항상 느끼는건데, imperative 언어에서의 재귀가 더 어려운 것 같다.

TST Performance

(1) R-way trie

search hit: L
search miss: log_R N
insert: L
space: (R + 1) * N

(2) Ternary trie(TST)

search hit: L + ln N
search miss: ln N
insert: L + ln N
space: 4N

메모리가 4N 밖에 안든다! 해싱은 모든 연산이 L 이겠지만, 대신 메모리가 4N ~ 16N 이다.

따라서 ternary symbol table 은 hash table 만큼 빠르고, 메모리도 덜 든다.

참고로 rotation 연산을 이용해서 balanced TST 를 만들면 worst case 에도 L + logN 이 나온다.

TST with R2 Branching at root

꼭대기엔 R^2-way 로 짓고, 자식은 TST 로 지을 수 있다. 분석 결과로는 일반 TST 보다 더 빠르다고 한다.

TST vs Hashing

(1) Hashing

Need to examine entier key
Search hits and misses cost about the same
Performance relies on hash function
Does not support ordered symbol table operations.

(2) TST

Works only for strings (or digital keys)
Only examines just enough key characters
Search miss may involve only a few characters
Supports ordered symbol table operations (plus others!).

정리하면, TST 는 해싱만큼 빠르고 search miss 는 더 빠르다. 그리고 red-black BST 보다 유연하다. 그러나 자료의 형태에 제한이 있다.

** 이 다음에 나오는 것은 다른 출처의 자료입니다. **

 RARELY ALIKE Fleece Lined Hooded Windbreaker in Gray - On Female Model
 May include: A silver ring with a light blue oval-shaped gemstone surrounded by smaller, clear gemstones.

Character-Based Operations

string symbol table 의 경우에는 유용한 chars-based operation 을 제공한다.

prefix match
wildcard match
longest prefix

API 를 보면

public class SymbolST {

  ...
  ...
  
  Iterable keys()
  Iterable keysWithPrefix  (String s)
  Iterable keysThatMatch   (String s)
  String           longestPrefixOf (String s) 
  
  ...
  ...
}

이 외에도 ordered ST 를 위한 floor, rank 등의 연산도 추가할 수 있다.

Inorder Traverse of Trie

탐색이 이진트리하고 좀 다른게, 매 문자열마다 시작점부터 시작해야 된다. leaf 까지 방문하는건 같은데

(http://en.wikipedia.org/wiki/Trie)

public Iterable keys() {
  Queue q = new Queue();
  collect(root, "", q);
  return q;
}

public void collect(Node x, String prefix, Queue q) {
  if (x == null) return;
  if (x.val != null) q.enequeue(prefix);
  
  for (char c = 0; c < R; c++)
    collect(x.next[c], prefix + c, q);
}

queue 는 단순히 she 를 방문할때 she 를 저장하기 위한 용도다. val != null 일 때 저장하므로 s, sh 등은 저장하지 않는 다는 점에 유의하자.

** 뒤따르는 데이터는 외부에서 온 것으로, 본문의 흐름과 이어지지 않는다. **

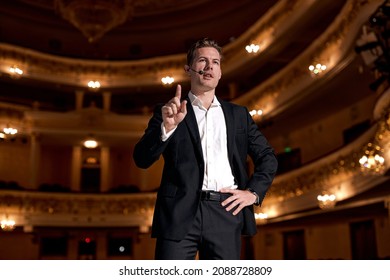 Motivational Speaker In Formal Elegant Suit, Talking About Happiness, Self, Success And How Better More Productive Self. Tech Startup Presenter Pitching. Handsome Caucasian Male On Stage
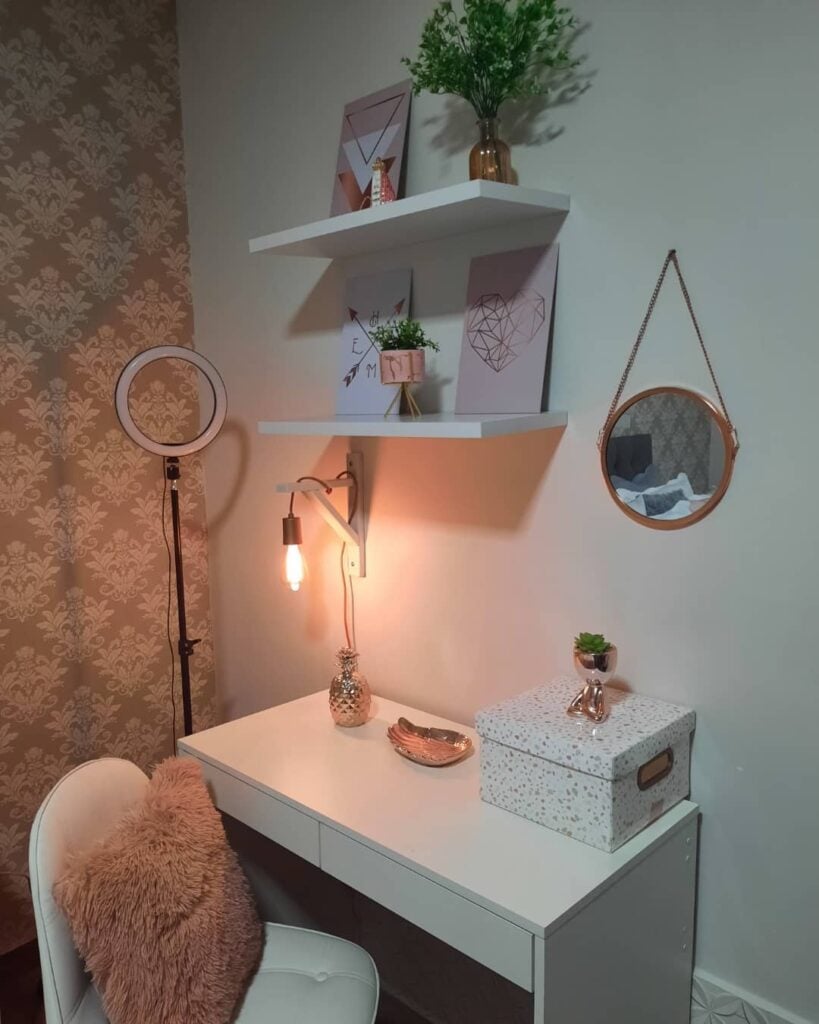 Cantinho com penteadeira e prateleiras brancas, poltrona com almofada rosa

그리고 여기서 큐는 DFS, BFS 처럼 로직에 쓰이지 않는다. 모든 노드를 방문하긴 하는데 c = 0 부터 시작하니 왼쪽부터 방문하는 재귀 순회라 보면 쉽다.

여기서 collect 함수는 인자로 받은 노드 x 를 기준으로 하위에 있는 substring 을 찾아낸다.

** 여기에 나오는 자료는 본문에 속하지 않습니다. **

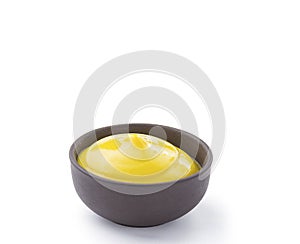 Mustard in brown bowl isolated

실제 구현에서는 StringBuilder 를 사용한다.

   private void collect(Node x, StringBuilder prefix, Queue q) {
        // TODO Auto-generated method stub
    
        if (x == null) return;
        if (x.val != null) q.add(prefix.toString());
        
        for (char c = 0; c < R; c++) {
            prefix.append(c);
            collect(x.next[c], prefix, q);
            prefix.deleteCharAt(prefix.length() - 1);
        }
    }
    
    public Iterable keys() { return keysWithPrefix(""); }

Prefix Matchs

구글링 하면서 매일 사용하는 기능이다. 구현은 위의 collect 함수를 사용하면 쉽다. keyWithPrefix("sh") 라면, sh 까지 내려간 뒤 collect 를 호출하면 된다.

public Iterable keysWithPrefix(String prefix) {
  Queue q = new Queue();
  Node x = get(root, prefix, 0);
  collect(x, prefix, q);
  return q;
}

자바의 Queue 는 인터페이스이므로 실제 구현은

   public Iterable keysWithPrefix(String prefix) {
        Queue q = new LinkedList();
        Node x = get(root, prefix, 0);
        collect(x, new StringBuilder(prefix), q);
        return q;
    }

Longest Prefix

라우터에서 자주 사용한다. 아이피를 문자열로 표현하고, 자기가 알고 있는 인접한 라우터중 어디로 보낼지를 결정하기 위해 longest prefix 를 알아내 보낸다.

longestPrefixOf("128.112.136.11") 
// 128.112.136

아이디어는 간단하다. null 이나 찾으려는 문자열의 마지막 문자를 만나기 전까지의 문자열을 모아 돌려주면 된다.

public String longestPrefixOf(String query) {
  int length = search(root, query, 0, 0);
  return query.substring(0, length);
}

public int search(Node x, String query, int d, int length) {

  if (x == null) return length;
  if (x.val != null) length =  d;
  if (d == query.length) return length;
  
  char c = query.charAt(d);
  return search(x.next[c], query, d + 1, length);
}

Patricia Trie

shells, shellfish 를 넣으면 브랜칭이 길게 이루어진다. 메모리 낭비가 있을 수 있는데, shell 밑에 s, fish 를 자식으로 만들면 괜찮다.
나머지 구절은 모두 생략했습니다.